Coaching achievements
- Coachee singles titles total: 18
- List of notable tournaments (with champion) 2023 Australian Open (Sabalenka); 2024 Australian Open (Sabalenka); 2024 US Open (Sabalenka); 2025 US Open (Sabalenka); 8x WTA 1000 (Sabalenka); ;

= Anton Dubrov =

Belarusian tennis coach (born 1995)

Anton Dubrov (Антон Дуброў; Антон Дубров; born 18 June 1995) is a Belarusian tennis coach. He has coached Women's Tennis Association (WTA) player Aryna Sabalenka since 2020. With Dubrov as her coach, Sabalenka became the world No. 1 in women's singles and has won 18 WTA Tour-level singles titles, including four majors at the 2023 Australian Open, 2024 Australian Open, 2024 US Open, and 2025 US Open.

==Playing career==

Dubrov started playing tennis at age five. His peak International Tennis Federation (ITF) junior ranking was No. 272, reached in 2013. Over the course of his playing career, he earned a single Association of Tennis Professionals (ATP) ranking point by winning just one out of his ten main-draw singles matches on the ITF Men's Circuit from 2013 to 2015, but continued occasionally to enter ITF qualifying draws until 2018.

==Coaching career==
Dubrov was Aryna Sabalenka's longtime hitting partner before becoming her primary coach in 2020, replacing longtime coach Dmitry Tursunov after a stint with Dieter Kindlmann. Sabalenka, then ranked just outside the WTA's top 10, found increasingly consistent results with Dubrov, winning four WTA Tour titles in the first year of his coaching tenure. Ranked world No. 2 at the end of 2021, she credited him with helping her feel more "confident" in her game, offering feedback "in a nice way".

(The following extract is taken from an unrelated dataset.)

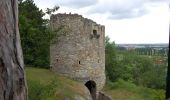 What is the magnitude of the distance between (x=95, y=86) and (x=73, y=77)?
2.90m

In February 2022, as Sabalenka resisted her team's efforts to rework her serve while having high-profile trouble with double faults, Dubrov offered to resign, but Sabalenka convinced him to stay on, promising that "we'll come back stronger". An expert in biomechanics was brought in to help fix her serve in August 2022, and after winning her first Major singles title at the 2023 Australian Open, she thanked her "craziest team on tour" of Dubrov and fitness trainer Jason Stacy for supporting her over a tumultuous previous year.